© OZAN KOSE/AFP via Getty Images Por LUSA 08/07/2026
O ministro dos Negócios Estrangeiros alemão, Johann Wadephul, manifestou compreensão pelos ataques dos EUA no sul do Irão, afirmando, em entrevista à televisão NDR, de Ancara - onde está a acompanhar o chanceler alemão, Friedrich Merz, na cimeira da NATO - que o Irão deve "perceber agora que é necessário negociar seriamente e que novos ataques militares são apropriados".
Na sua opinião, Teerão ainda não compreendeu "que deve renunciar às suas armas nucleares e que tem agora a oportunidade de terminar esta guerra, negociando de forma razoável e cessando os seus ataques".
O Irão está a atacar o Kuwait e o Bahrein, países que "na realidade não têm qualquer conflito com o Irão", criticou.
Wadephul reiterou ainda que o estreito de Ormuz "deve permanecer livre e acessível ao tráfego marítimo internacional", apontando ser o Irão que, "em grande medida, está a impedir isto".
Os EUA lançaram ataques contra o Irão esta madrugada de quarta-feira, horas depois de terem revogado uma licença que autorizava a venda de petróleo iraniano em retaliação pelo que consideraram ataques de Teerão a navios no estreito de Ormuz.
O Irão retaliou com ataques ao Bahrein e ao Kuwait, o que levou a uma condenação dos países árabes e do Golfo Pérsico.
Em comunicado, o Ministério dos Negócios Estrangeiros egípcio condenou veementemente o "ataque pecaminoso" contra o Kuwait e o Bahrein e reafirmou rejeitar por completo ações que contrariem "a segurança e a soberania dos países irmãos e ameacem a segurança e a estabilidade da região".
Também a Jordânia condenou a "agressão brutal" do Irão ao Estado do Kuwait, afirmando que se trata de "uma violação flagrante da sua soberania e de uma grave escalada para a sua estabilidade e segurança territorial, além de uma violação expressa do direito internacional e da Carta da ONU".

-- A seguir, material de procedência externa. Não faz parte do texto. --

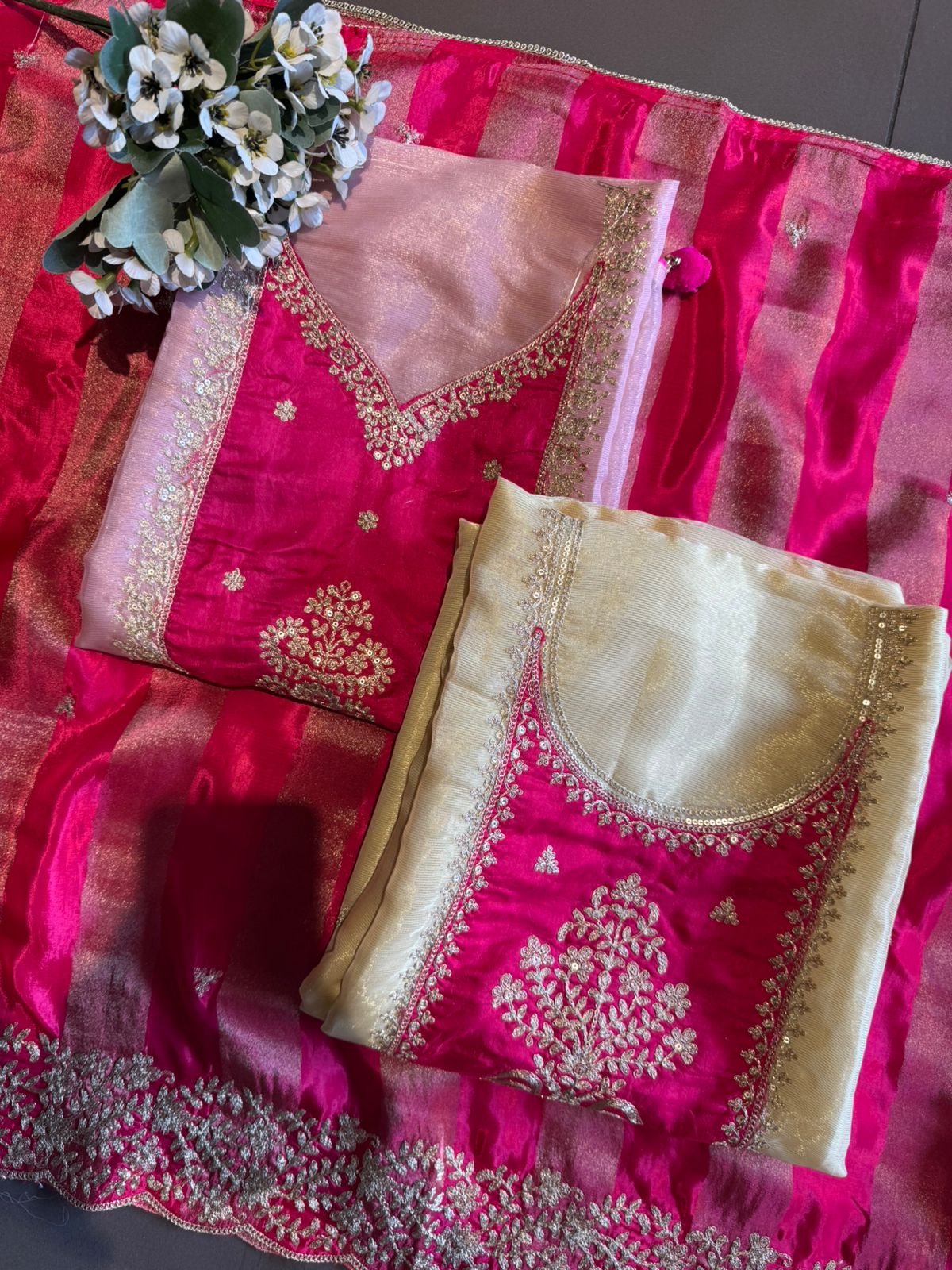 Traditional Indian ethnic Suit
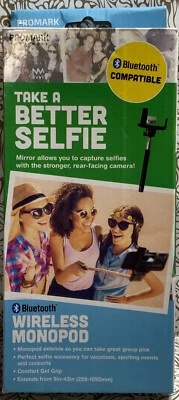 📀 Promark Wireless Monopod - Bluetooth Compatible - Image 1 of 3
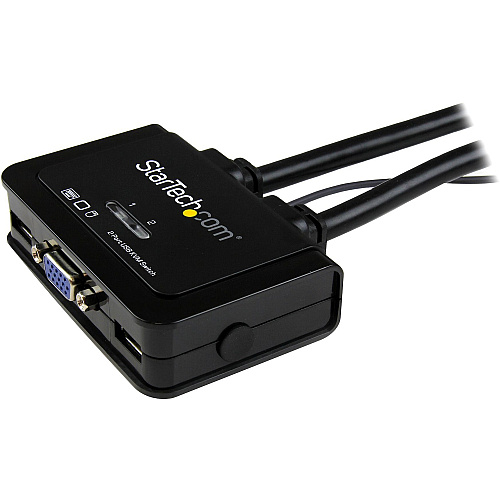 StarTech 2 Port Usb Vga Cable Kvm Switch (SV211USB)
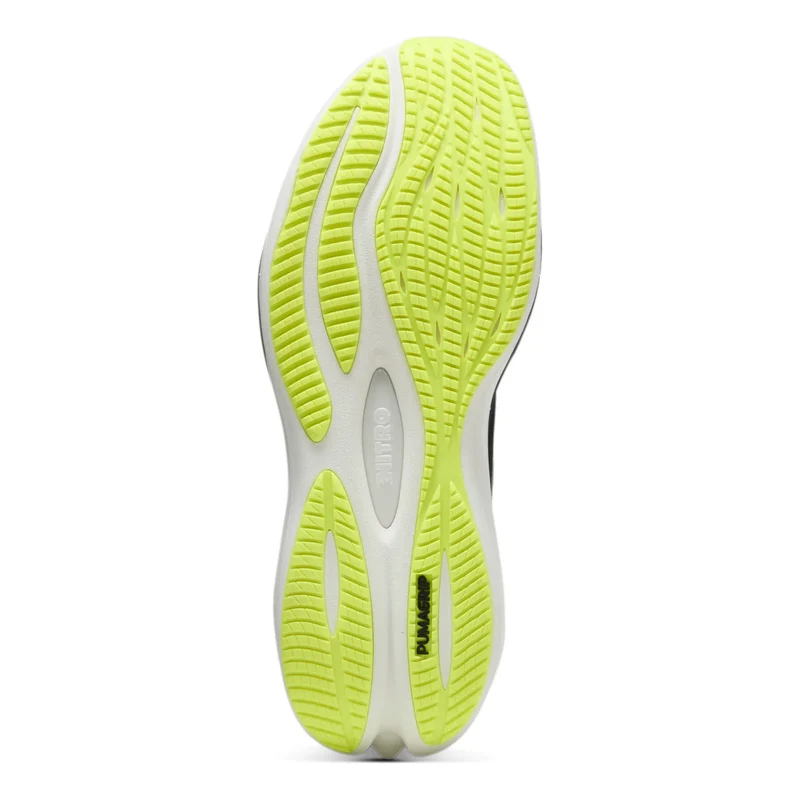 Velocity Nitro 3 Chaussure de running sans stabilisateurs Hommes - noir, jaune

O Ministério dos Negócios Estrangeiros da Jordânia sublinhou a sua total solidariedade para com o Kuwait e ofereceu o seu apoio a "todas as medidas que o país tomar para proteger a sua soberania e a segurança dos seus cidadãos".
Nos Emirados Arábes Unidos, o conselheiro diplomático do Presidente e porta-voz não oficial do Governo para os assuntos externos, Anwar Gargash, afirmou que os países do Conselho de Cooperação do Golfo (CCG) não podem ser "alvo da oscilação do Irão entre a escalada e o caminho da prudência, da estabilidade e da paz".

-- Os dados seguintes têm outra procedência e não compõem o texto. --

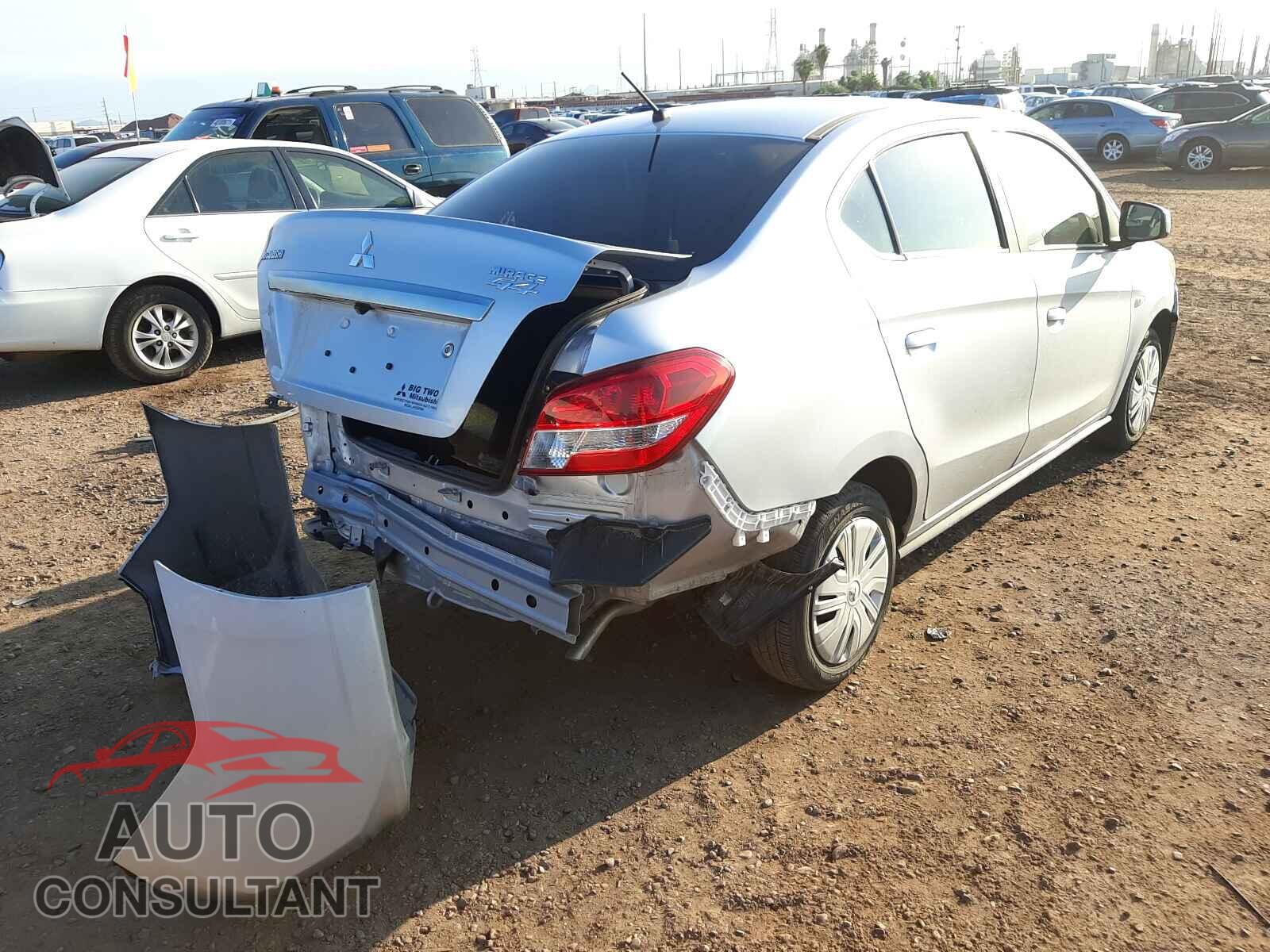 MITSUBISHI MIRAGE 2019 - ML32F3FJ2KHF10630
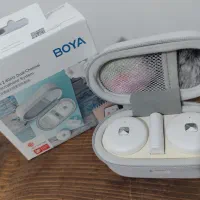 میکروفون یقه ای بی سیم بویا مدل Omic-U رابط Type-C|صوتی و تصویری|تهران, دکتر هوشیار|دیوار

"Os ataques iranianos contra navios comerciais do Qatar e da Arábia Saudita no estreito de Ormuz e as repetidas agressões contra as nações irmãs do Bahrein e do Kuwait são um claro indício de que Teerão continua incapaz de cumprir as exigências da desescalada e virar a página da guerra", declarou.

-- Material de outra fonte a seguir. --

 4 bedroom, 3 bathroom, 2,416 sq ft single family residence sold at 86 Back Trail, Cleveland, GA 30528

Pouco antes, o Kuwait tinha condenado os ataques contra o seu território e manifestado "a sua mais veemente condenação, nos termos mais severos", aos "repetidos atos criminosos de agressão do Irão", contra os quais "se reserva o direito de tomar todas as medidas necessárias".
O fogo cruzado aconteceu durante o funeral, que dura há vários dias, do líder supremo do Irão, o 'ayatollah' Ali Khamenei, morto a 28 de fevereiro, nos primeiros momentos da guerra.
O funeral, que termina na quinta-feira, deveria ser um período de menor tensão -- embora os participantes tenham pedido repetidamente o assassinato de Trump e do primeiro-ministro israelita, Benjamin Netanyahu.
As negociações para chegar a um acordo final deveriam recomeçar após o enterro e concentrar-se nas questões mais difíceis, incluindo a reabertura total do estreito e a suspensão do programa nuclear de Teerão.
Embora os novos ataques coloquem este cenário em dúvida, nenhum dos países formalizou ainda o abandono das negociações.